Venezuela – Government and Opposition in ‘Exploratory’ Meeting: Representatives of the opposition are meeting today with the government to discuss the protests and violence that have plagued the country since February. Under the mediation of the Union of South American Nations (Unasur), the main opposition coalition, the Mesa de Unidad Democrática (MUD) agreed to meet with President Nicolás Maduro to explore the possibility of engaging in dialogue going forward. Among the issues to be discussed in the search for a resolution to violence are the levels of insecurity in the country, the state of the economy, armed groups called ‘colectivos’, and an amnesty law for those arrested in recent weeks. Earlier on Twitter, Vice President Jorge Arreaza said the government was ready to listen to the demands of opposition governors and mayors from around the country, and prepared to approve two special requests from each of them.

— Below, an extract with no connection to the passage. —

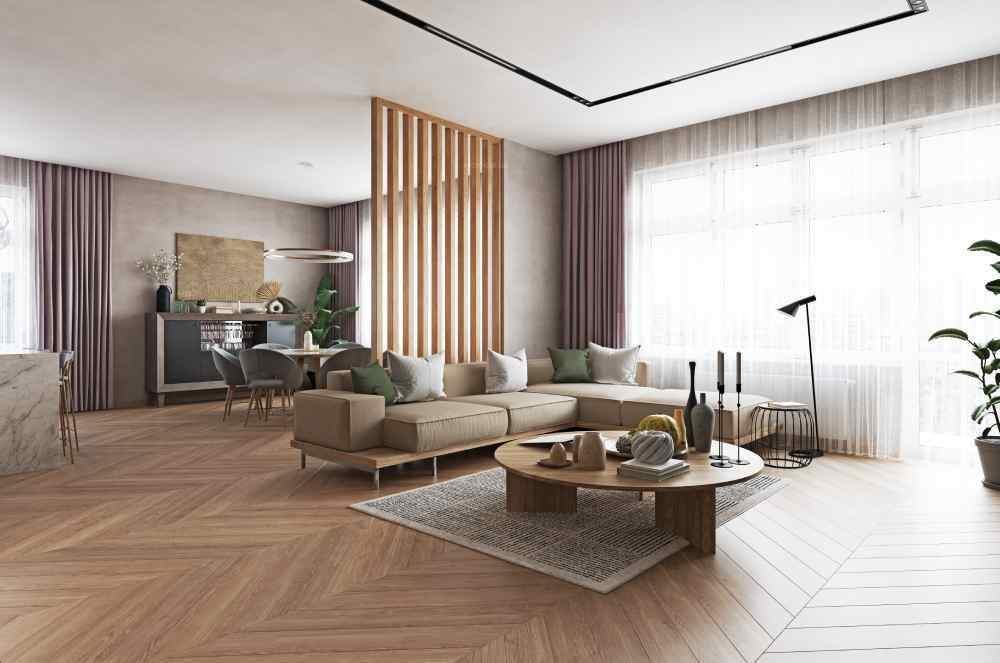  the gale at godrej park world Living Area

Mexico – Surge in Violence in State of Tamaulipas: A spike in violence between organised criminal groups has left at least 19 dead since Sunday, according to official reports. Fourteen people were killed on Sunday alone after gun battles in the cities of Tampico and Maduro, on the border with the US. The region is home to the Gulf and Los Zetas cartels, and the spike in violence comes after a series of police and army raids to capture leading members of both. According to Governor Egidio Torre Cantú: “These acts of violence are the results of actions we are undertaking as part of our fight to restore peace to the region.” Meanwhile, in the southern state of Michoacán, the vigilante groups called ‘autodefensas‘, are protesting efforts by the government to disarm them. Spokesman for the vigilantes, José Manuel Mireles, said the group demanded the dismissal of the security commissioner Alfredo Castillo and the withdrawal of the army and navy forces. President Enrique Peña Nieto said the government would restore security to the state “whatever the cost”.

Uruguay – Teachers in 24-Hour Strike Over Hours and Wages: Secondary school teachers in Uruguay today held a 24-hour strike in a dispute over unassigned hours and unpaid wages. The National Federation of Secondary Teachers (Fenapes) and the Association of Secondary Teachers (Ades) led the measure today, which included a march and the occupation of the Secondary Board for several hours this afternoon. “There are 40,000 unassigned hours and 1,000 teachers without work,” said Fenapes secretary general José Olivera. “All of this is to do with management problems.” Education minister Ricardo Ehrlich, however, said he did not understand the “radical” measure, especially as dialogue was ongoing.